NEW YORK – On a conference call discussing its first quarter earnings results on Thursday, Abbott Laboratories outlined its continuing plans for developing and manufacturing SARS-CoV-2 tests and said it was hoping to ramp up production to at least 5 million tests in April.
Abbott has two molecular diagnostic tests cleared for Emergency Use Authorization by the US Food and Drug Administration, the PCR-based RealTime SARS-CoV-2 test and rapid point-of-care ID Now COVID-19 test. The company committed to manufacturing 50,000 ID Now tests per day beginning in April, and according to President and CEO Robert Ford, the company has at least met that goal every day so far and has beaten the number several days. He added that the company is aiming to manufacture 2 million ID Now tests by June.
In addition to its molecular tests, Abbott also announced this week a coronavirus serology test for the detection of IgG antibodies on its immunoassay platforms. The company intends to ship 4 million serology tests in April, and ramp capacity up to 20 million tests per month starting in June, Ford said on the conference call. He added that since the announcement on Wednesday, Abbott had received orders for about 1 million of the antibody test.
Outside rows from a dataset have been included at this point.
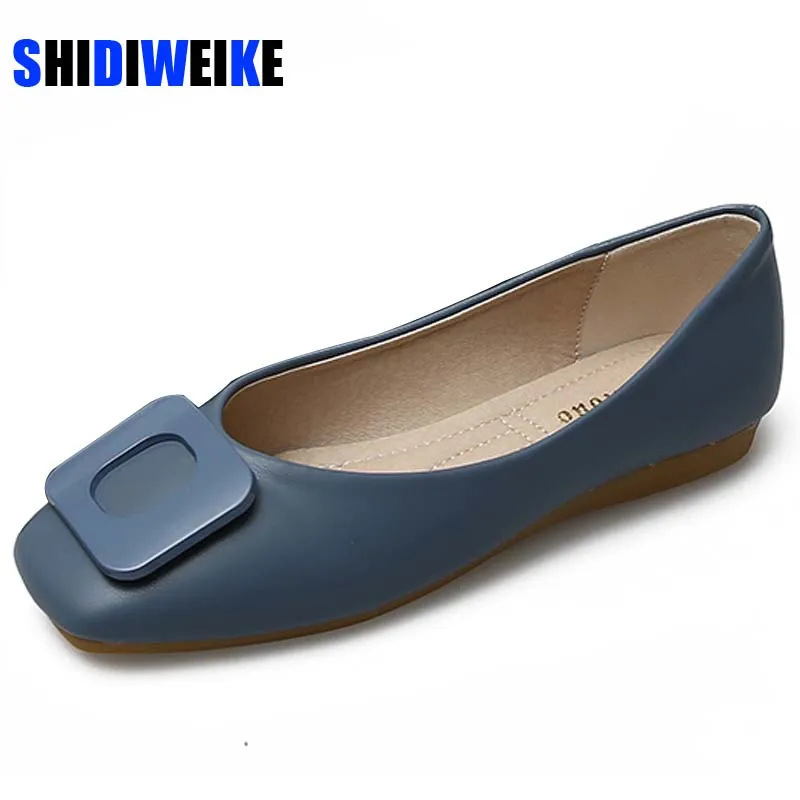 

Women Shoes Flat Ballerina Female Casual Work Ballet Flats Ladies Shoes Fashion Buckle Soft Moccasins Driving Shoes AC592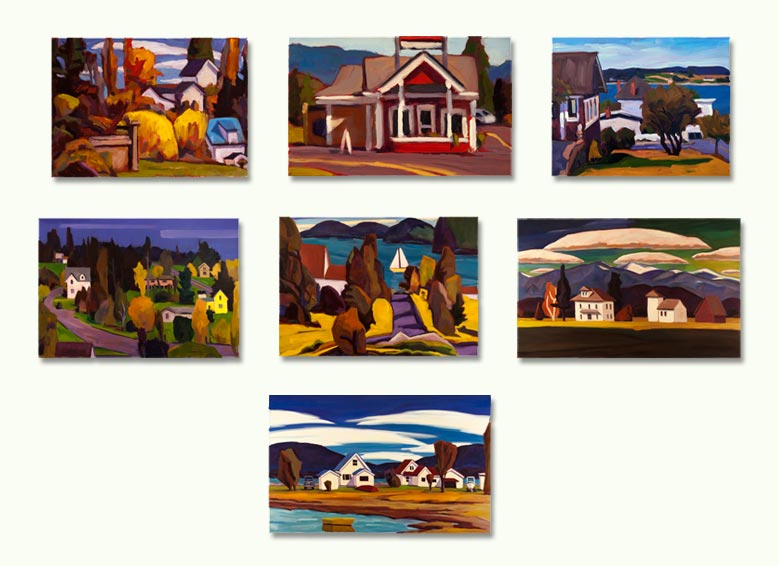 contact sheet of painting images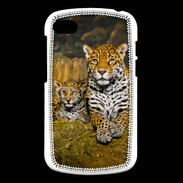 Coque Blackberry Q10 Portrait de Léopard avec petit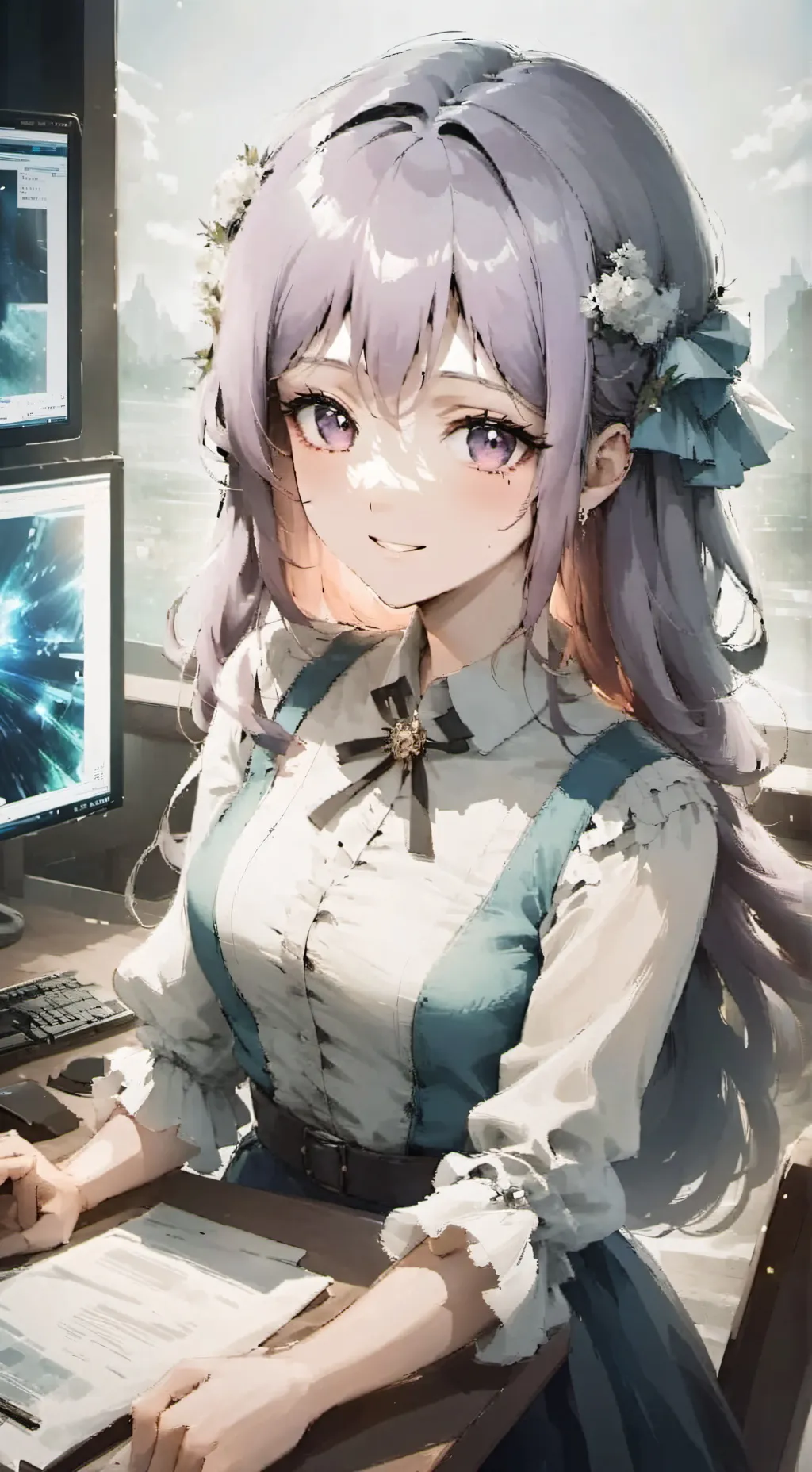 ai character: Himari background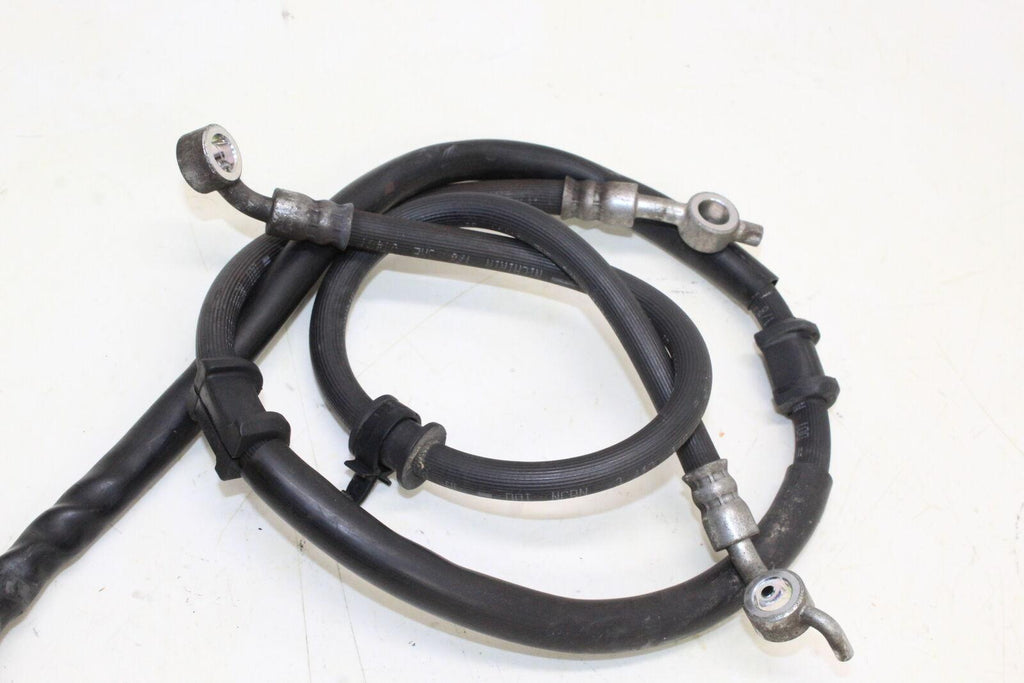 2013 09-15 Suzuki Sfv650 Front Brake Caliper Hoses Lines Oem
Ford also noted the company is in the process of developing a second serology test, a lateral flow assay to detect IgM antibodies, which is expected to launch in the near future. The test, he said, will increase Abbott's ability to provide mass testing for the general population.
The development of these tests began in the middle of February, Ford said, when Abbott realized the SARS-CoV-2 virus was not going to follow previous virus patterns, such as the 2003 SARS virus. The company developed four separate research and development teams, each tasked with working on a specific type of test: two molecular, two serology.
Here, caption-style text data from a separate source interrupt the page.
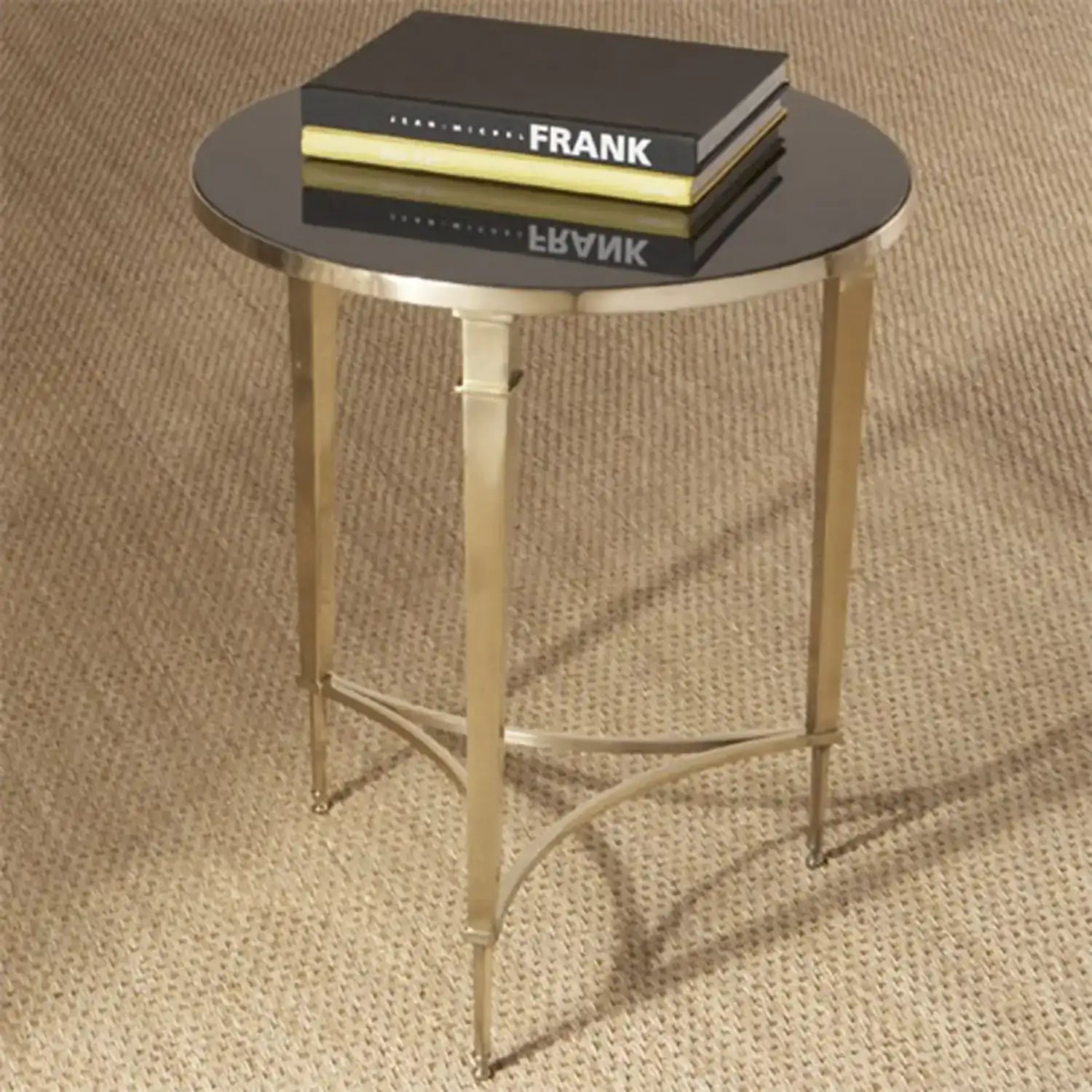 GLOBAL VIEWS ROUND FRENCH SQUARE LEG TABLE - Side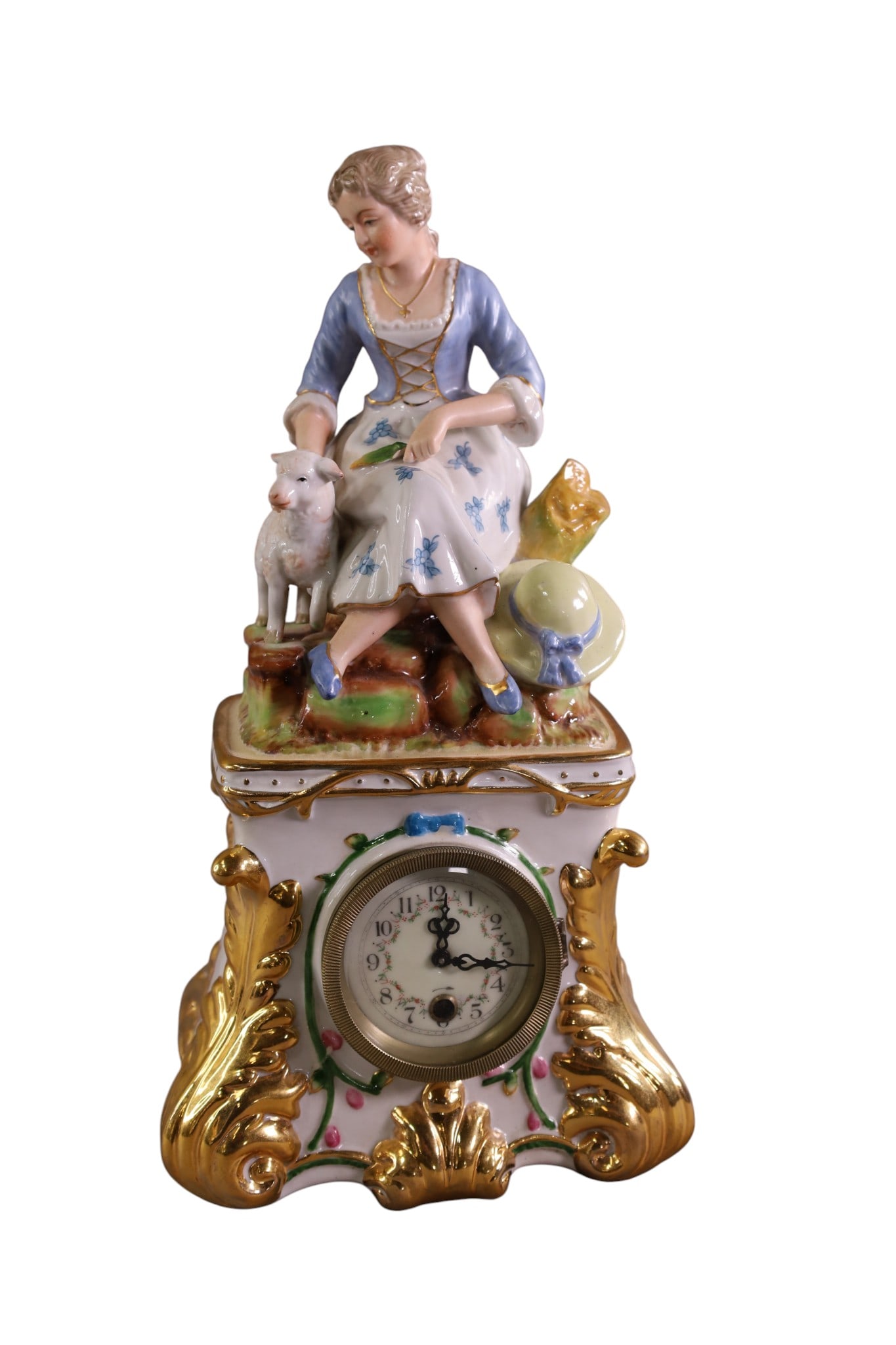 MEISSEN SHELF CLOCK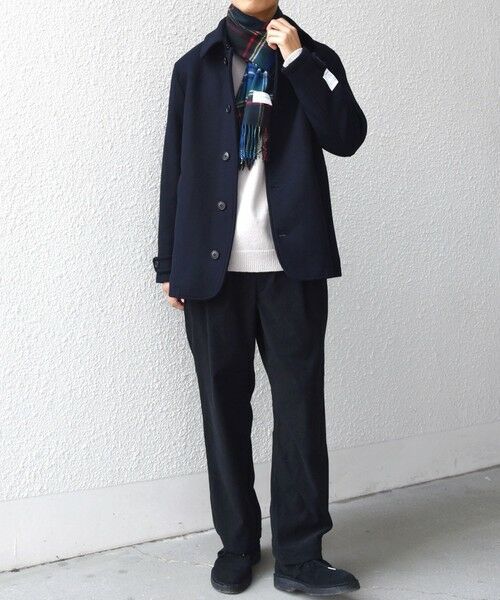 SHIPS / シップス マフラー・ショール・スヌード・ストール | SHIPS any: カシミヤ チェック マフラー | 詳細5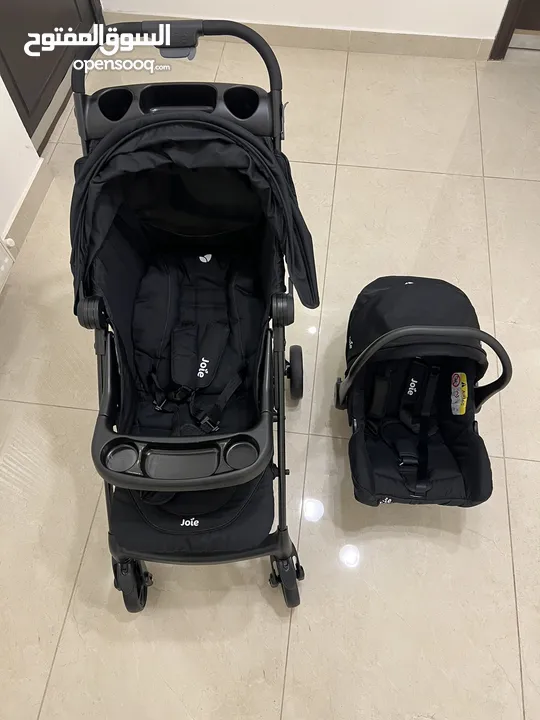 عرباي مع car seat استخدام 3 ايام فقط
The company didn't start working on the tests because "we thought that we needed four shots on goal here to try and get one or two of them," to market, but because "all four of these different types of testing would be needed," Ford said.
"All four had a different value proposition," he added. The RealTime SARS-CoV-2 test, which runs on the m2000 RealTime instrument and is for use in a laboratory, provides higher throughput and larger test volumes, but with a longer turnaround time, while the rapid ID Now test offers faster results with more portability, Ford said. As for the serology tests, the company knew there would be a need for mass volume screening as the virus continued to spread.
"There's a viral progression that occurs," Ford noted. "In the early stages, you need molecular testing to be able to diagnose if somebody has the virus, and as the disease progresses and people start to build antibodies to that, you're going to need a different type of test."
According to Ford, every R&D team met or beat their target launch date, with one of the teams splitting in two so they could work all 24 hours in a day.
Abbott also worked closely with the FDA on developing its tests, providing updates to the agency at every step of the development process and accepting real-time feedback.
Ford noted that there have been difficulties for patients attempting to access COVID-19 tests, including shortages in sample collection materials, but he emphasized that Abbott's test rollout was going as expected. Distribution of the rapid point-of-care ID Now tests began with front-line healthcare workers, so they would know in 15 minutes if they had to self-isolate or if they could return to work, which was "exactly how we envisioned that product to work, at least in our initial rollout," he said, adding the ID Now COVID-19 test is also the same price as the ID Now Influenza test.
In the coming months, Abbott is moving toward a second phase for the ID Now coronavirus tests to expand them to the general public. The company is working on pilot programs with retail pharmacy CVS and other retailers to strategize how to decentralize testing and provide point-of-care tests in urgent care clinics, nursing homes, and retail settings.
For the PCR test, Abbott shipped its m2000 instruments to areas where the capacity was so low that it typically took labs two weeks to return test results, and said that now, results could be provided in 24 hours. In March, the company distributed 1 million of those tests and is on target to manufacture 4 million tests in April.
"We've done everything that we said we were going to do, we delivered everything that we said we were going to deliver," Ford said. "Obviously, that is not enough, we still need to do more, and there's a need here to manufacture more tests."
Abbott is working to scale up its manufacturing, but Ford noted that the high-precision processes and the manufacturing lines takes time to set up, although the company has been able to use some of its existing assets to further increase manufacturing abilities.
The company is also "actively working with government authorities and health systems to deploy these tests to places of greatest need," Ford said. Abbott provides daily reports to state and federal governments on where tests and equipment has been shipped to help allocate tests to hardest-hit areas, he added.
Despite the benefits of being a major SARS-CoV-2 test provider, the COVID-19 pandemic has negatively impacted Abbott's core lab business, since there have been decreases in routine testing and elective procedures. Ford said he expects those impacts to continue throughout the second quarter, but that in the second half of the year volumes should recover slightly. "I don't believe that they’re going to come back at the same speed they came down, but these are important procedures and I do see them coming back," he said.